In 1977, Bathurst was called to the New South Wales Bar; he was made Queen's Counsel in 1987. His primary areas of practice included appellate work in banking law, commercial law and equity. He was president of the Australian Bar Association from 2008 to 2009, and president of the NSW Bar Association from 2010–11.

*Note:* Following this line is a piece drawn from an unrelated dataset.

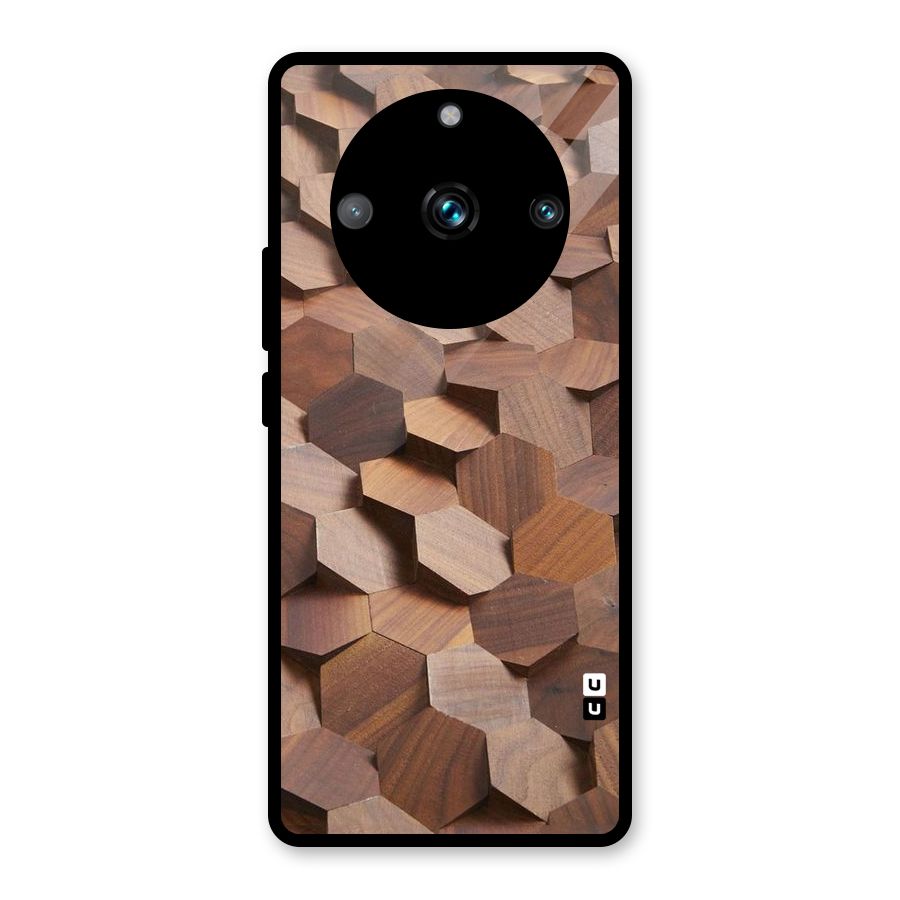 Uplifted Wood Hexagons Glass Back Case for Realme Narzo 60 Pro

===Notable cases as counsel===

Bathurst appeared for AWA in Daniels v Anderson (1995) 37 NSWLR 438, a leading Australian case on the duties of non-executive directors. He appeared for Dyson Heydon in Heydon v NRMA Ltd (2000) 51 NSWLR 1 in a successful appeal against a finding that Heydon was negligent in giving legal advice to the respondent company, an important case concerning a barrister's liability for professional advice. He appeared before the High Court of Australia in Peters (WA) Ltd v Petersville Ltd (2001) 205 CLR 126, a case which reviewed the scope of the common law doctrine of restraint of trade.

===Chief Justice===

On the recommendation of the NSW government, Governor Marie Bashir appointed Bathurst Chief Justice of the Supreme Court of New South Wales, effective 1 June 2011, and Lieutenant Governor of New South Wales from 1 February 2012. Tom Bathurst retired on 5 March 2022 and was succeeded by Andrew Bell.

==Personal life==

Bathurst is married to Robyn; the couple have two daughters.

==Honours==

In the 2014 Queen's Birthday Honours List, Bathurst was invested as a Companion of the Order of Australia (AC), for "eminent service to the judiciary and to the law, to the development of the legal profession, particularly through the implementation of uniform national rules of conduct, and to the community of New South Wales". Bathurst was elected Fellow of the Royal Society of New South Wales in 2018.

In the Spring 2023 honours list, Bathurst was made a member of the Order of the Rising Sun, Gold and Silver Star (Second Class).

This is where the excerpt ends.